Die Dramatik dieses sich aufschaukelnden Prozesses, geboren aus der Banalität, brachte die neu zusammengesetzte Theater-AG am Kurpfalz-Gymnasium Schriesheim (KGS) in einer packenden Adaption von Yasmina Rezas Drama "Gott des Gemetzels" vor vollem Haus auf die Bühne. Von der am Ende Taschen und Klopapierrollen flogen und die Zuschauer die Köpfe einzogen, nur um kurz darauf heftigst zu applaudieren und die Truppe mit lauten "Bravo"-Rufen zu mehreren Vorhängen zu nötigen.

Schlimm und schlimmer

Gut, eigentlich gab es keinen Vorhang. Stattdessen war die Bühne offen und lief über einen roten Teppich ins Publikum hinein. Die reduzierte Kulisse verteilte sich eingangs auf zwei Schauplätze: Hier die Wohnung der blasiert geschäftigen Familie Reilles, dort die intellektuell inszenierte Bürgerlichkeit der Duponts. Beider heranwachsender Söhne lagen auf der Straße miteinander im Clinch, wobei Ferdinand Reilles dem gleichaltrigen Bruno Dupont mit einem Stock zwei Schneidezähne ausschlug.

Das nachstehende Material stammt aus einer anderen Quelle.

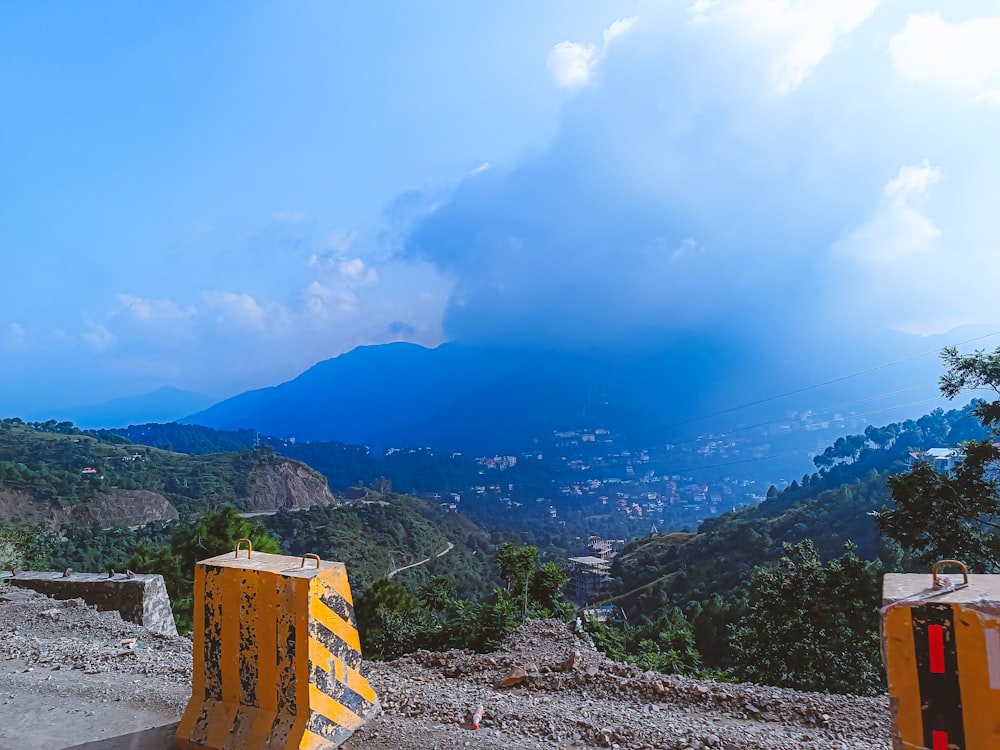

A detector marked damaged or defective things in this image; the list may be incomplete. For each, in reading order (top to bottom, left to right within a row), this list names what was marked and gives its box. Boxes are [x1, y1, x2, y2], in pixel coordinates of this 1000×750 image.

rusted metal handle [233, 540, 252, 560]
rusted metal handle [928, 560, 968, 588]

Véronique und Michel Dupont bitten Annette Reilles und ihren Mann Alain zum klärenden Gespräch in ihre Wohnung; man will die Angelegenheit friedfertig regeln. "Wir beherrschen doch alle die Kunst des zivilen Umgangs", bemerkt Véronique, von Nina Kreutzer herausragend gespielt. Doch die Maske der Kultiviertheit weicht rasch auf. In der Folge geht es um die Frage, wer schlimm und wer schlimmer ist: der arrogante und dauertelefonierende Anwalt Alain, dem Chiara Lange beeindruckend machohafte Attitüde verlieh, oder der sich harmoniesüchtig windende Michel.

In der Rolle des feigen Hamstermörders fühlte sich Liza Schäfer überzeugend wohl. Als Vierte im Bunde der wechselnden Verbrüderungen und Anfeindungen setzte sich Janina Haring als gestresste Anwaltsgattin Annette in Szene, die sich gekonnt auf wertvolle Kunstkataloge übergab.

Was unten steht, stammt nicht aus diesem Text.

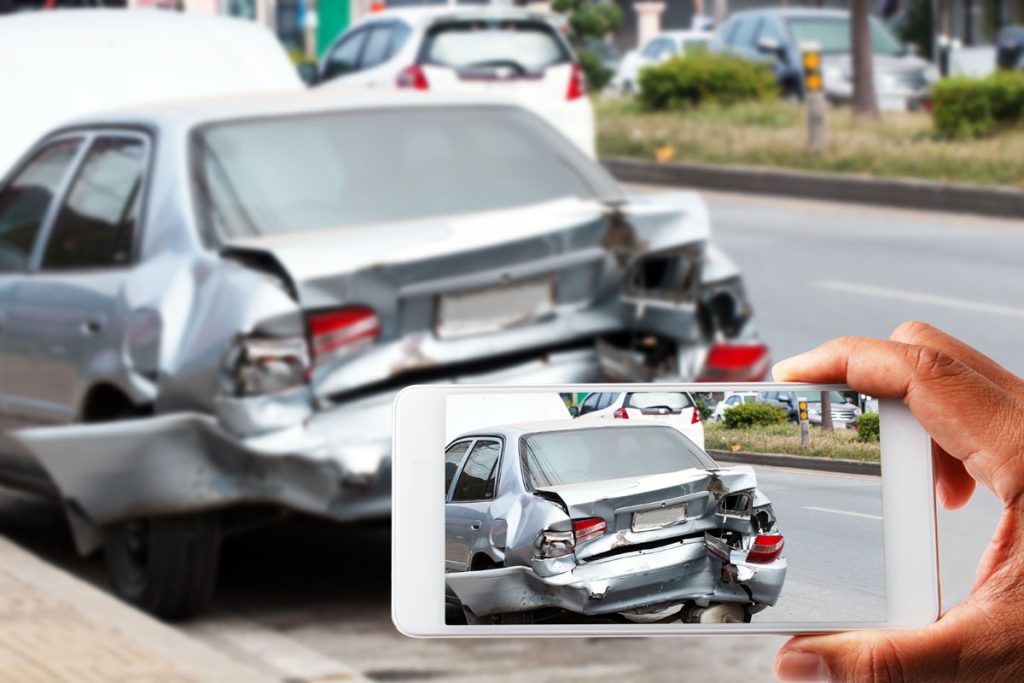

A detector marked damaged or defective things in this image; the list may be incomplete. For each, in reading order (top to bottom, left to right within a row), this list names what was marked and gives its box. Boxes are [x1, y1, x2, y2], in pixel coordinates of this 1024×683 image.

broken taillight [309, 307, 382, 366]
second damaged car [0, 88, 761, 618]
damaged silver car [0, 88, 765, 618]
broken taillight [696, 344, 770, 382]
broken taillight [573, 518, 602, 544]
second damaged car [444, 419, 786, 622]
damaged silver car [444, 421, 786, 626]
broken taillight [745, 532, 782, 565]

Mimisch wie sprachlich einfühlsam, präsent und reif agierten die Schülerinnen der elften und zwölften Klassen. Zugleich hielten sie mitreißend den Spannungsbogen.

Die sparsam, aber effizient eingesetzten Kunstgriffe der Regisseurinnen Alexandra Eschmann, Carolin Julier und Jasmin Ziegler sorgten für kreative Überraschungsmomente: Am Ende agierten nicht nur zwei, sondern sechs Ehepaare auf der Bühne - Reilles'sche und Dupont'sche Doppelgänger, die die Zahl der bitteren Anschuldigungen und Handgreiflichkeiten zu einem virulenten Crescendo nicht nur verbaler Grausamkeiten komponierten. Die ursächliche Prügelszene sah man eingangs als Filmausschnitt - nachdem die Technik endlich einwilligte, wieder zu funktionieren.

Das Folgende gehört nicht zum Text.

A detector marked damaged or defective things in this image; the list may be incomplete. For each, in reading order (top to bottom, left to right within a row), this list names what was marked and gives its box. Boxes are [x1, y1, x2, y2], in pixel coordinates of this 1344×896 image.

Schulleiter Matthias Nortmeyer fasste nach knapp zwei Stunden zutreffend zusammen: "Das war eine turbulente und tolle Aufführung. Ein Extralob für ein göttliches Gemetzel."

Blumensträuße und Dankesworte an Protagonisten, Regie und alle Helfer wechselten. Bei Kurzauftritten dabei waren: Pauline Grunert, Helena Kick, Friederike Schober, Alexa Gentner, Marc Himmelmann, Annika Günther, Lisa Larisch und Greta Kaiser.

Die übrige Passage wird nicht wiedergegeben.